Louis Vuitton quer convencer homem a comprar roupa ‘reciclada’
Desfile da “nova” coleção masculina aconteceu em Xangai ontem (6), propondo peças de roupa feitas com materiais antigos do estoque: o “upcycling"
Guilherme Dearo
Publicado em 7 de agosto de 2020 às 14h50.
Última atualização em 7 de agosto de 2020 às 14h54.
Imagine ir a uma loja e sentir uma sensação de déja-vu, de que você já viu aquelas roupas antes. Se por muito anos esse era o sentimento que as marcas mais temiam transmitir em suas coleções de moda, a Louis Vuitton quer fazer dele o coração de sua nova forma de pensar o negócio.
O desfile da “nova” coleção masculina da grife aconteceu em Xangai, na quinta-feira (6), propondo peças de roupa feitas com materiais antigos do estoque, um conceito chamado pela moda de “upcycling”, cujo foco é zerar o desperdício ao dar novo uso às matérias-primas ou roupas prontas.
A ideia partiu do estilista afro-americano Virgil Abloh, o mais incensado da moda “streetwear” e de luxo, que assumiu o posto máximo da divisão masculina da marca em 2018 e, agora, parece tomar toda as rédeas da criação e do que ele imagina ser o papel de uma marca de luxo.
Os mesmo viés de alfaiataria colorida, peças intercambiáveis e padrões geométricos que acompanham seu estilo desde o início de sua história estavam ali na passarela gigantesca montada na área portuária de Xangai. Segundo o próprio Abloh define no texto da coleção, a ideia é desafiar a noção do que é velho e novo, preto e branco, alto luxo e baixo.
Na prática, há de tudo: jaquetas luxuosas adornadas e brilho até as monocromáticas, lisas; camisas de corte ajustados usados por baixo de parcas volumosas ou trench coats que remetem às coleções desfiladas no ano passado; e tricôs estampados com imagens difusas ou tingidos.
O que une essa coleção atemporal é o pendor pueril dos bonequinhos colados às peças ou estampados nas bolsas de mão e mochilas já clássicas da marca. Obcecado pela imagem da infância, como se chamasse os homens a relembrar os dias lúdico quando a conta bancária não era uma preocupação –e, convenhamos, quando se trata de consumir luxo é preciso mesmo se desapegar dessa ideia–, Abloh da vida às criaturas simpáticas que apareceram na animação, criada pela grife e apresentada em julho, “Zoooom with Friends”.

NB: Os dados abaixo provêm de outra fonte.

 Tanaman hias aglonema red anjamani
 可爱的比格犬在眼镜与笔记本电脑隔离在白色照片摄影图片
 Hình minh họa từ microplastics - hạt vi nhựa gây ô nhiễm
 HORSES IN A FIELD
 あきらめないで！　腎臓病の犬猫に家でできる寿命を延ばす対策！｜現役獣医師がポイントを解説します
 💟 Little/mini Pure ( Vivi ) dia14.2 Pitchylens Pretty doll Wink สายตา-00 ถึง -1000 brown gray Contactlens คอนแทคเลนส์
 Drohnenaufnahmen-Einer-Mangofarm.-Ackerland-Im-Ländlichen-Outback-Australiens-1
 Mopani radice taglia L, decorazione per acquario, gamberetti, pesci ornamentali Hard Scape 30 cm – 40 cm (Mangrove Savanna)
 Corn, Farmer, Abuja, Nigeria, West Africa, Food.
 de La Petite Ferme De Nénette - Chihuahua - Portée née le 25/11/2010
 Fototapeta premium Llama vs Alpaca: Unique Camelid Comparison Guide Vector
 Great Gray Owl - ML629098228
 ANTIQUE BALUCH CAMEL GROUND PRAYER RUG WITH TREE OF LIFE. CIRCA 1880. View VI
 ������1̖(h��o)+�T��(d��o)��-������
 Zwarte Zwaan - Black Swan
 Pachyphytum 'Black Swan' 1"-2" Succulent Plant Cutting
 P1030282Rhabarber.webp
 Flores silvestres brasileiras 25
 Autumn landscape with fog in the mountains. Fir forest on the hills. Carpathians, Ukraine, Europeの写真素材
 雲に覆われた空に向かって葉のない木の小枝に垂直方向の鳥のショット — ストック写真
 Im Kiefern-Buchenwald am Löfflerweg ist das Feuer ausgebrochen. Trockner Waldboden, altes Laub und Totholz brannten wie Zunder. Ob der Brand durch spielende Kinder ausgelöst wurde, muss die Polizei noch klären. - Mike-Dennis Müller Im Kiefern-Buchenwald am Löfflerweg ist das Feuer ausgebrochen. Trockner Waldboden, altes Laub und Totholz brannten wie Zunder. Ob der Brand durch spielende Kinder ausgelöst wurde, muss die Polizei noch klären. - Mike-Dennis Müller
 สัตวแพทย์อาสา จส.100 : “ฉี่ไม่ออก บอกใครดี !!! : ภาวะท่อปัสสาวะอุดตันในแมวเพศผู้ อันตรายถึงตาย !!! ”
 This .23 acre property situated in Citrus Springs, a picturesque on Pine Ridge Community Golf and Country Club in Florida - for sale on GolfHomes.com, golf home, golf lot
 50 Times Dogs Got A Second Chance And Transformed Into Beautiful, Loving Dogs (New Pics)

É que além de repensar a vida útil de uma coleção, ele também questiona a sazonalidade das apresentações de moda divididas em estações. Por isso, para esse verão 2021 do hemisfério norte, tudo começou com uma apresentação virtual filmada em Asnières, onde começou a história da Louis Vuitton. No curta, essas criaturas apareciam preparando a coleção para enviá-la ao outro lado do mundo em containers, como “Uma Mensagem na Garrafa”.
Por isso que o desfile aconteceu no porto da cidade chinesa, que recebeu primeiro as mensagens dessa “garrafa”. Agora, ela viajará de novo em outras apresentações marcadas para acontecer até o final do ano. Já é sabido que uma das paradas dessa série de capítulo é o Japão.
O formato visto ontem é de um desfile clássico, com plateia gigantesca aglomerada nas filas. Trata-se, assim, do primeiro grande desfile no formato tradicional anterior à pandemia de Covid-19.
A temporada de apresentações virtuais dos últimos dois meses não causou o frisson esperado, e o luxo, provou-se ontem, não via a hora de voltar aos trilhos da passarela para recuperar o contato físico com imprensa, clientes e toda a indústria do consumo.
Do ponto de vista do negócio é um lance acertado de marketing e visão de longo prazo. Com a pandemia, o consumo interno dos países asiáticos se tornou a força motriz das vendas do luxo com a queda no turismo mundial.
Para um grupo que viu o faturamento encolher 27% no primeiro semestre, segundo relatório divulgado no final de julho, olhar para o leste parece ser ainda mais fundamental para a manutenção do poder.